■ **Task statement**: The entries below hold a line with "今は、サッシに変わっていますが商家だったのか間口の広い家です。" and a line with "Verkehrsinsel in Uzwil". Return those lines and all that lie between them, exactly and only.
Study material START
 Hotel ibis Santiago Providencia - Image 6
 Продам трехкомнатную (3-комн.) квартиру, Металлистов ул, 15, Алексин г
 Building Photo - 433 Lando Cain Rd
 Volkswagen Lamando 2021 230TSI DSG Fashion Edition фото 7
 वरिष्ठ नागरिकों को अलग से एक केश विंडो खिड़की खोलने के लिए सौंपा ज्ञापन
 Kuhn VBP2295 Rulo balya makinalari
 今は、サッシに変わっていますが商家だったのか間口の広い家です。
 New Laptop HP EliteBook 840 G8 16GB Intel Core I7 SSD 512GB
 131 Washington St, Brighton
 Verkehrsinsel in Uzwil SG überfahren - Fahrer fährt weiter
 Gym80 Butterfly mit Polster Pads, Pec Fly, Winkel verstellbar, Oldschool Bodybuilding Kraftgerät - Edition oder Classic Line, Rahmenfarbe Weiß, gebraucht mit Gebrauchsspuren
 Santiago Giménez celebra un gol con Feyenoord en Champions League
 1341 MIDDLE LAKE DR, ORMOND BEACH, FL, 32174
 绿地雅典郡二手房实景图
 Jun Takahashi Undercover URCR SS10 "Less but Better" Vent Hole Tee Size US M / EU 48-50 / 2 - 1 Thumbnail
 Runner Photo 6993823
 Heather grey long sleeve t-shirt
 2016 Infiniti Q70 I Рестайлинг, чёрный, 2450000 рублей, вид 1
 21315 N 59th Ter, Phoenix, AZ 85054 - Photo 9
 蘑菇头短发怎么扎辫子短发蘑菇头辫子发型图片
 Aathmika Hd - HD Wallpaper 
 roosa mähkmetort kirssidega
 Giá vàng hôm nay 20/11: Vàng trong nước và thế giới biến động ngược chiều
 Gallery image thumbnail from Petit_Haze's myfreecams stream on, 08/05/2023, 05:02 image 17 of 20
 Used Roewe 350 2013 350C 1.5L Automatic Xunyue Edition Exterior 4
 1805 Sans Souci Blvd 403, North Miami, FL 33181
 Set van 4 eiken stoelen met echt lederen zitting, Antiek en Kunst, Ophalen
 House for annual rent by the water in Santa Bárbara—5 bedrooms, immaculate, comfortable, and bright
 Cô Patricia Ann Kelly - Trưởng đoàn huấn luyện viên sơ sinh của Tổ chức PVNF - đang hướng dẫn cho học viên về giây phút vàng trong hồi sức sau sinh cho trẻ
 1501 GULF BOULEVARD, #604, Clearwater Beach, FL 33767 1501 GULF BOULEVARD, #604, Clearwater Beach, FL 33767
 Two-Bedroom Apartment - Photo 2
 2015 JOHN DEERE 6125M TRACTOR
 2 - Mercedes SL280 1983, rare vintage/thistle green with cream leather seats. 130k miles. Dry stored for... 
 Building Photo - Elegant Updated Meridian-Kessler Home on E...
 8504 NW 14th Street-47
Study material END
■ **Completed task**:
 今は、サッシに変わっていますが商家だったのか間口の広い家です。
 New Laptop HP EliteBook 840 G8 16GB Intel Core I7 SSD 512GB
 131 Washington St, Brighton
 Verkehrsinsel in Uzwil SG überfahren - Fahrer fährt weiter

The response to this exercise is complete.